Problem statement:
Lines below starting with the line with "Biz Collection Crew" and going on through the line with "6pcs Wind Up" must be output exactly; the rest of the records must be left out.

Recorded information:
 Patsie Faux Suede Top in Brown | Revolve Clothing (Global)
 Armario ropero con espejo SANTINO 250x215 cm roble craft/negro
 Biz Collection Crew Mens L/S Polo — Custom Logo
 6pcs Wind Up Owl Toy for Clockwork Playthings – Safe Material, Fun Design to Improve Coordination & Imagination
...
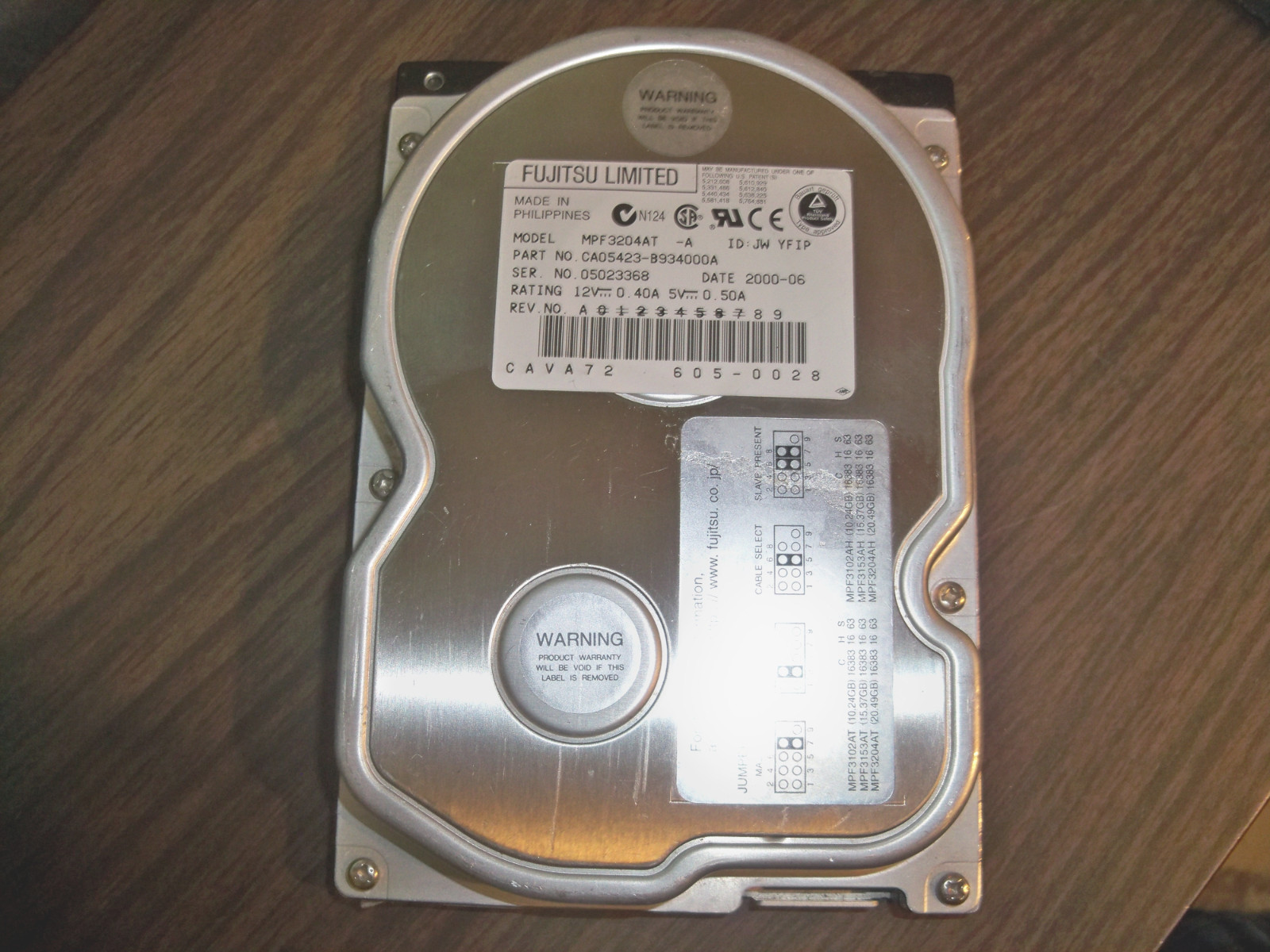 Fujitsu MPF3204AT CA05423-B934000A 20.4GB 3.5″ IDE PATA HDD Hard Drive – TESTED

Solution to the problem:
 Biz Collection Crew Mens L/S Polo — Custom Logo
 6pcs Wind Up Owl Toy for Clockwork Playthings – Safe Material, Fun Design to Improve Coordination & Imagination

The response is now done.